In anger, not analysis, we called—and some are still calling—Mutharika all sort of disparaging names bordering on leadership failure.

I understand, as the tallest tree in the forest, Mutharika bears the burden of every flaw, however slight, from his government.

However, I feel our appetite of quickly taking the blame to the higher office is helping responsible civil servants at the Capital Hill to be irresponsible, in the process, failing to account for their failures.

The story of delayed salaries is a classic case of technical failure by some civil servants, like ‘that civil servant’, at the Capital Hill. Such civil servants are the root of the continued story of delayed primary school teacher’s salaries.

They need to be smoked out and face the full wrath of continued getting paid when they do not requirements of their job’s terms of reference.

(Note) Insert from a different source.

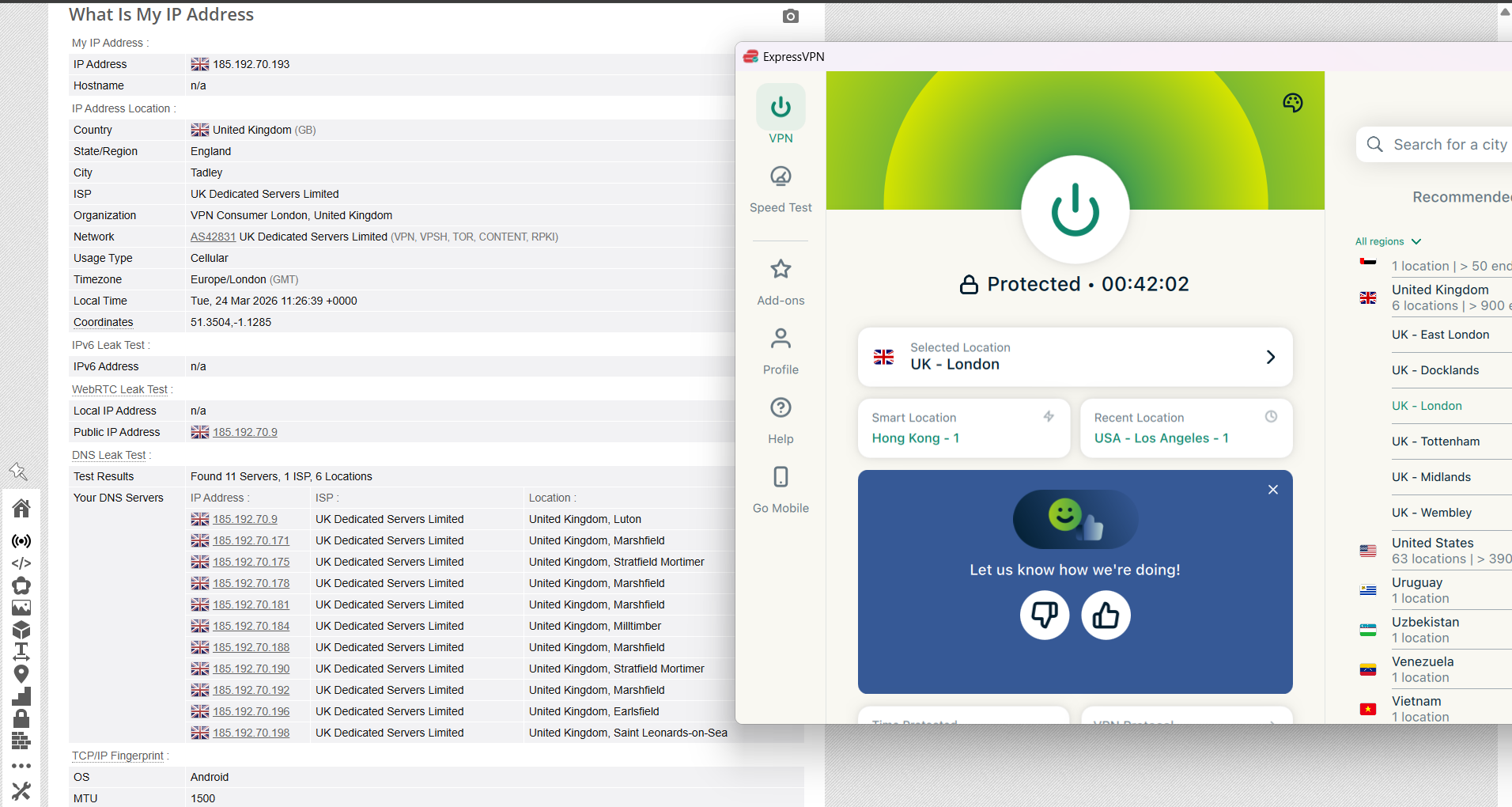 ExpressVPN IP, DNS, and WebRTC leak test results on Windows connected to London server over WiFi showing no leaks detected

A culture is taking root in Malawi where irresponsibility on part of civil servants is not being punished. In fact, it is heavily rewarded.

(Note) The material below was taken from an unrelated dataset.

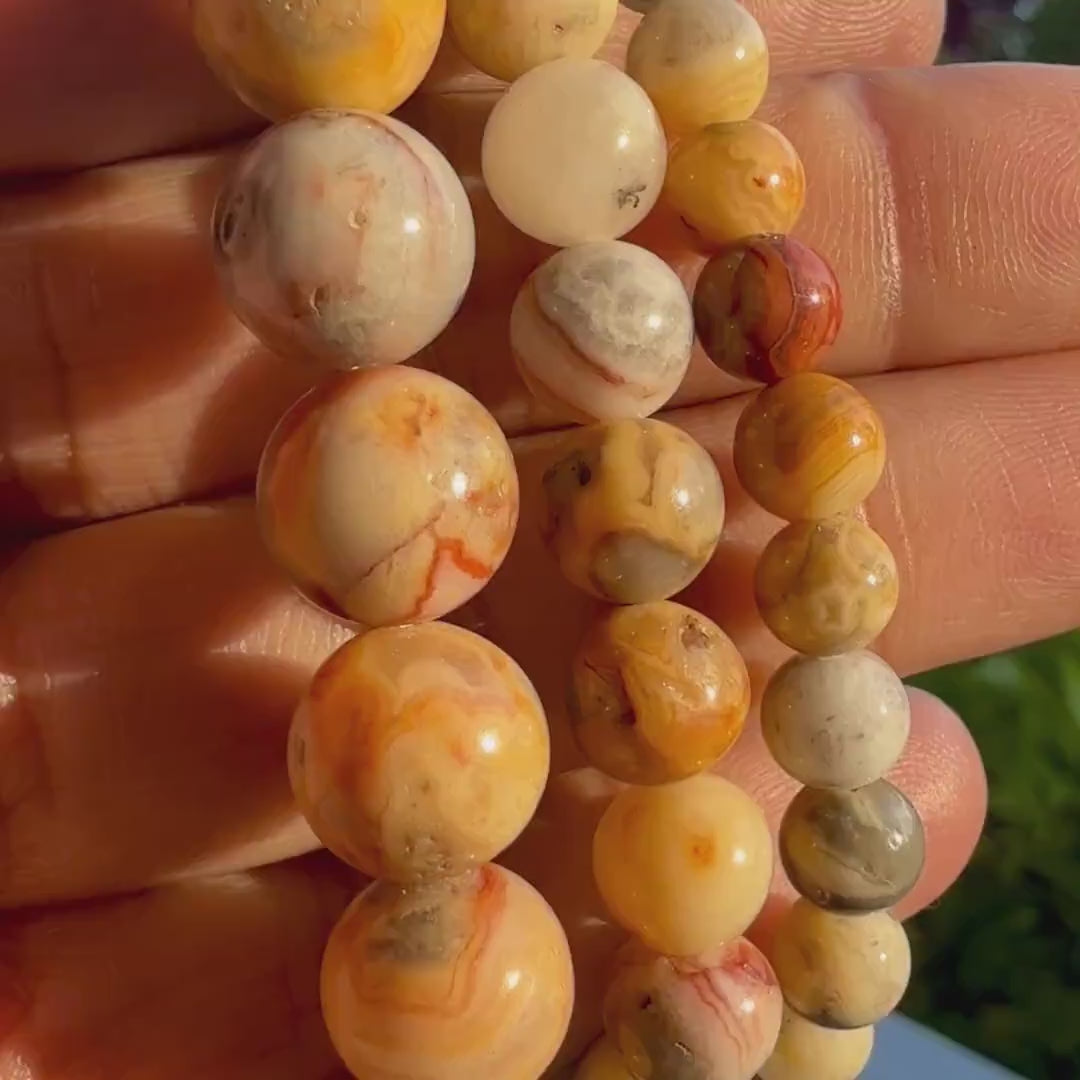 Crazy Lace Agate Bracelet — Grounding & Calm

For all the countless times that teachers have suffered delayed salaries, we have not heard of any official being held responsible. I am sure it has become a norm at Capital Hill to mess up teacher’s salaries because they know the public will quickly spit venom at the President not them. As a result, they do not see messing up teachers’ salaries as indicative of job failure anymore.

I think this is the rotten norm which, as a country, we need to fight. How? We need to shift our focus of criticism from the President to the technical officials at Capital Hill. Those responsible for ensuring that primary school teachers are paid by 27th each month need to be responsible for their failure.

I guess there are relevant parliamentary committees that, I guess, need to summon principal secretaries in education and finance to explain the mess.

Continuing as if nothing wrong has happened to teachers could suggest that, as a country, we do not value the worth of teachers—more so, education.

To that effect, it is my submission that our appetite of always looking to the President, not ‘that civil servant’, is the reason we are caught in the cyclic problem of delayed primary school teachers’ salaries.